# Nook and Kobo Compatibility



## Cardinal (Feb 24, 2010)

Can books bought from Borders go onto the Nook (original)?

Can books bought from B&N go onto the Kobo?


----------



## Meemo (Oct 27, 2008)

Cardinal said:


> Can books bought from Borders go onto the Nook (original)?
> 
> Can books bought from B&N go onto the Kobo?


Kobo and Borders books can go on the nook (I've done it myself).

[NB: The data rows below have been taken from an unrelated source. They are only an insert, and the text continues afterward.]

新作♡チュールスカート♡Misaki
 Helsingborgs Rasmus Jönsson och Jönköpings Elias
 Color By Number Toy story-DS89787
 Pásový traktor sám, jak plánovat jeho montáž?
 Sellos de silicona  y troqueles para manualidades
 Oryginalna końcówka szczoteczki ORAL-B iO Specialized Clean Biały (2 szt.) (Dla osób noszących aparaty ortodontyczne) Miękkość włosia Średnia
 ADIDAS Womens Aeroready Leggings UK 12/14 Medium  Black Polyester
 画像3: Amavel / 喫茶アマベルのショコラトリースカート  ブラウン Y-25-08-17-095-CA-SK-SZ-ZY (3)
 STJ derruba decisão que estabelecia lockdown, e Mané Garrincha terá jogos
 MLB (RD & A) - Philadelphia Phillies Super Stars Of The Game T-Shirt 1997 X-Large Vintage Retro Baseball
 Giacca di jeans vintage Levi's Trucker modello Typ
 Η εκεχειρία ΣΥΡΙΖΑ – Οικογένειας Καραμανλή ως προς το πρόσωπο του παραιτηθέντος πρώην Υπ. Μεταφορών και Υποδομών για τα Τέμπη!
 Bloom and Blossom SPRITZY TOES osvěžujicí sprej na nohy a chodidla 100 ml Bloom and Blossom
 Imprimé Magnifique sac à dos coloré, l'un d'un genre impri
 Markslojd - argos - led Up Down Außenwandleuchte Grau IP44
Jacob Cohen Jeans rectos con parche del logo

B&N/nook books cannot be put on a Kobo (or Sony) - B&N adds a layer of DRM that those devices can't read. (It's why I sold my cute little pink Sony reader for a nook - had too many freebies from Sony, Kobo/Borders AND B&N.)


----------



## Cardinal (Feb 24, 2010)

Thanks!


----------



## luvshihtzu (Dec 19, 2008)

Meemo,
Just to let you know that your "cute little pink Sony Reader" just got to my granddaughter today and she is quite happy with it. I bought it from you sometime back to give to her as a birthday gift.  I liked it so much that I almost kept it for myself.  Such a pretty color.
luvshihtzu


----------



## Meemo (Oct 27, 2008)

luvshihtzu said:


> Meemo,
> Just to let you know that your "cute little pink Sony Reader" just got to my granddaughter today and she is quite happy with it. I bought it from you sometime back to give to her as a birthday gift. I liked it so much that I almost kept it for myself. Such a pretty color.
> luvshihtzu


I'm so glad it's gone to its new home, and that your granddaughter is happy with it! I still miss being able to sort my ePubs into nice collections...


----------